Opanas Zalyvakha

1925 — Husynka, Kharkiv region (Ukraine) | 2007 — Ivano-Frankivsk (Ukraine). Lived and worked intermittently in Ivano-Frankivsk from 1961.

A prominent nonconformist Ukrainian artist, Opanas Zalyvakha was one of the most active dissident intellectuals of the 1960s generation (shistdesyatnyky) in Ukraine. He worked both in easel format and on monumental-decorative art such as stained glass, mosaics, and interiors, as well as book graphics, and was a representative of the Ukrainian cultural revival of the mid- to late twentieth century.
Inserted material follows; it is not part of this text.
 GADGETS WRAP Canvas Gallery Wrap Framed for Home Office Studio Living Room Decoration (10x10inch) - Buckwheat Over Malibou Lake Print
Although he was completely isolated from the global art scene, like all Soviet artists in the 1960s to 1980s, his work in the style of national modernism paralleled the most contemporary artistic innovations of the West.

In the early 1930s, Zalyvakha’s family fled to Siberia from their village in the Kharkiv region in order to escape the Holodomor—a mass famine aimed at the genocide of the native Ukrainian population that was engineered by the Stalinist regime in 1932–33. Zalyvakha spent his childhood and youth in the Ussuriysk region of the Russian Soviet Federative Socialist Republic (now Russia).

After World War II, Zalyvakha attended a secondary art school affiliated with the Academy of Arts in Leningrad, and from 1953 to 1960 he continued his studies at the Leningrad Ilya Repin Institute of Painting, Sculpture, and Architecture (now Saint Petersburg Ilya Repin Academy of Arts) in the painting workshop of Viktor Oreshnikov (1904–1987). There, as the Ukrainian art critic Vorodymyr Pidhora noted, Zalyvakha was introduced to European art, philosophy, and literature, and his early artistic inspirations were “the work of Van Gogh and Cézanne, the philosophy of the 20th century, and the great literary masters—Camus, Sartre, Hermann Hesse.” [1]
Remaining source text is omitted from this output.